▶ _ASSIGNMENT_:
Go to the line containing "마루티샵 | 중2, 초3" in the material below. From there to the end, retype every line exactly and drop the pictures.

▶ _EXERCISE INPUTS_:
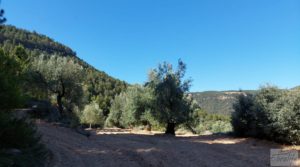 Detalle de Finca de olivos centenarios en Fuentespalda. con buenos accesos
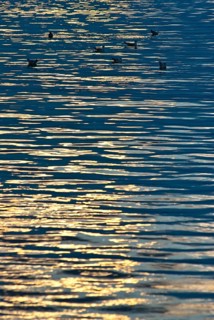 Golden reflection of the evening sun on calm, dark blue waves of a lake, some Black-headed Gulls
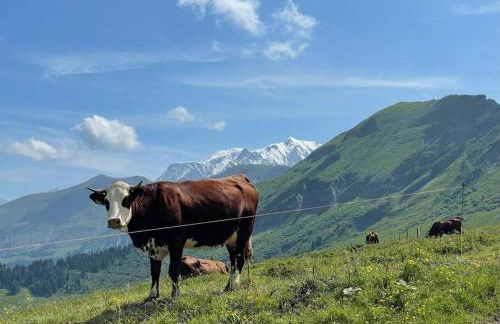 Charming Bright Spacious Village Walk to lift Hike - Foto 48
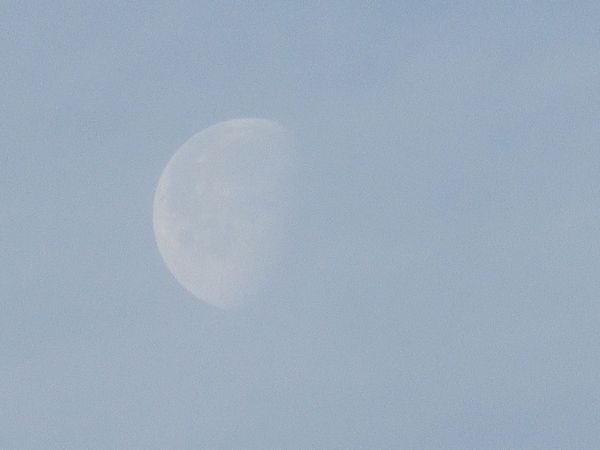 f:id:maronmame:20220324151055j:plain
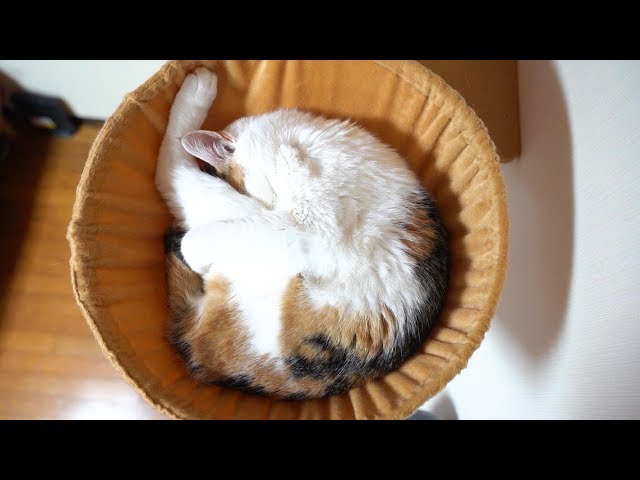 うちの三毛猫ちゃんがアンモナイトはじめました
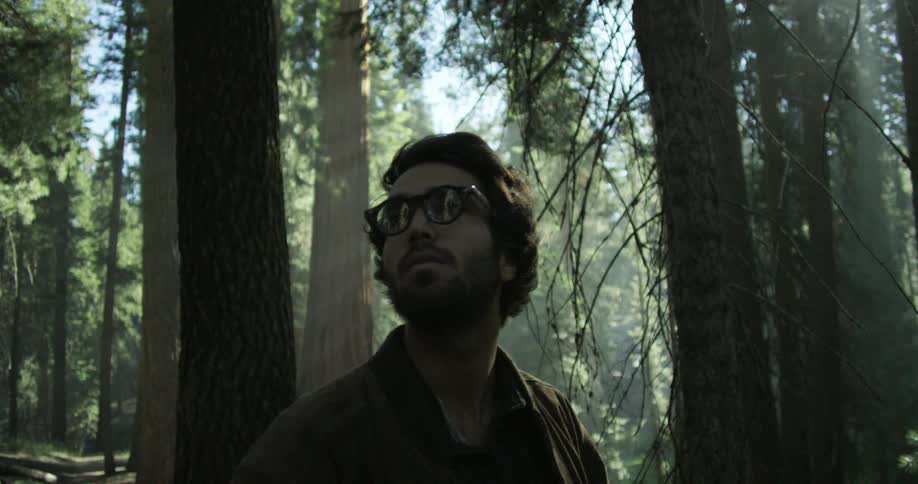 Man stands and looks at the tall trees in the dense dark forest
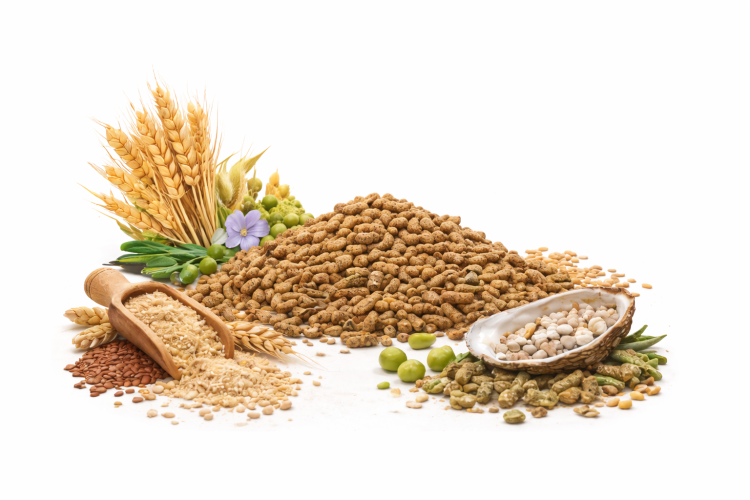 Harrison’s Organic Premium Pellets Adult Lifetime | Ekologiczne granulaty dla wszystkich papug 453g od ParrotPlanet.pl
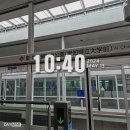 마루티샵 | 중2, 초3 딸둘과 함께 한 나고야 지브리파크 프리미엄 후기 (24.05.13)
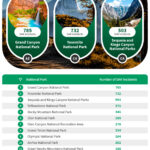 Parques nacionales de EE. UU. Con los más altos incidentes de búsqueda y rescate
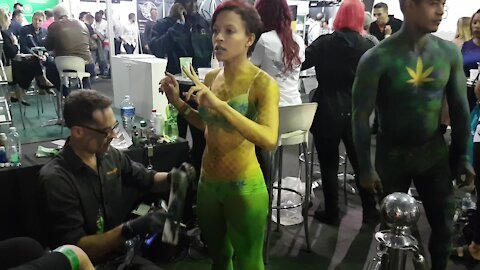SOUTH AFRICA - Cape Town - Cannabis Expo (Video) (xW2)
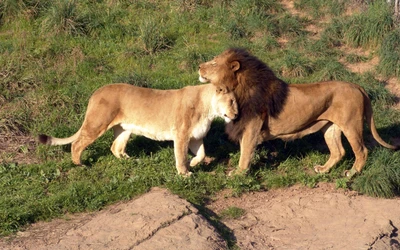 fauna, animal terrestre, leão masai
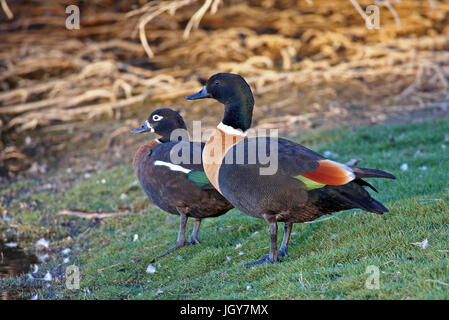 Una coppia di australian shelducks (Tadorna tadornoides) da in un lago vicino a Perth in Australia occidentale Foto Stock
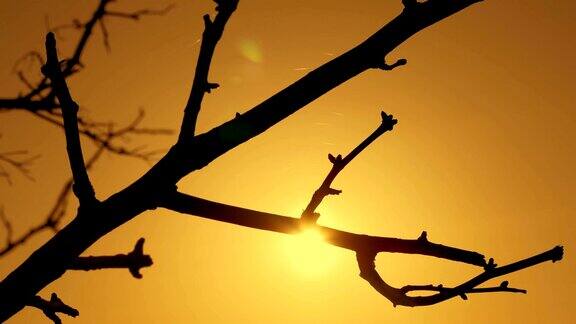 夕阳下桔黄色天空上枯枝的剪影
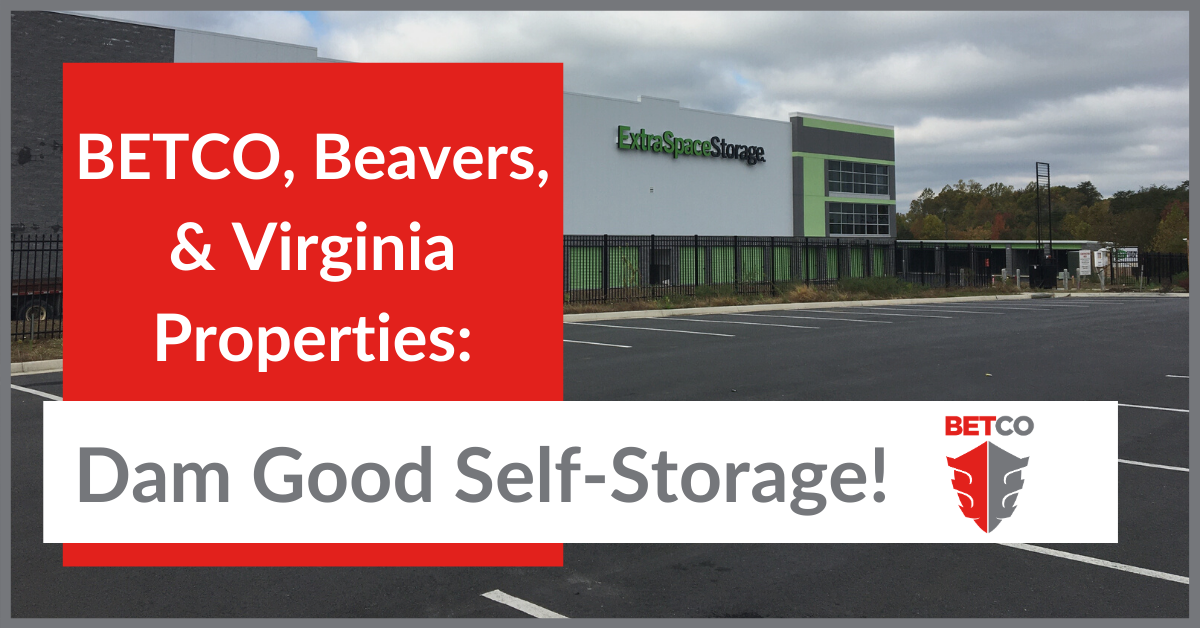 BETCO, Beavers & Virginia Properties: Dam Good Self-Storage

▶ _RESULT FOR THIS EXERCISE_:
 마루티샵 | 중2, 초3 딸둘과 함께 한 나고야 지브리파크 프리미엄 후기 (24.05.13)
 Parques nacionales de EE. UU. Con los más altos incidentes de búsqueda y rescate
SOUTH AFRICA - Cape Town - Cannabis Expo (Video) (xW2)
 fauna, animal terrestre, leão masai
 Una coppia di australian shelducks (Tadorna tadornoides) da in un lago vicino a Perth in Australia occidentale Foto Stock
 夕阳下桔黄色天空上枯枝的剪影
 BETCO, Beavers & Virginia Properties: Dam Good Self-Storage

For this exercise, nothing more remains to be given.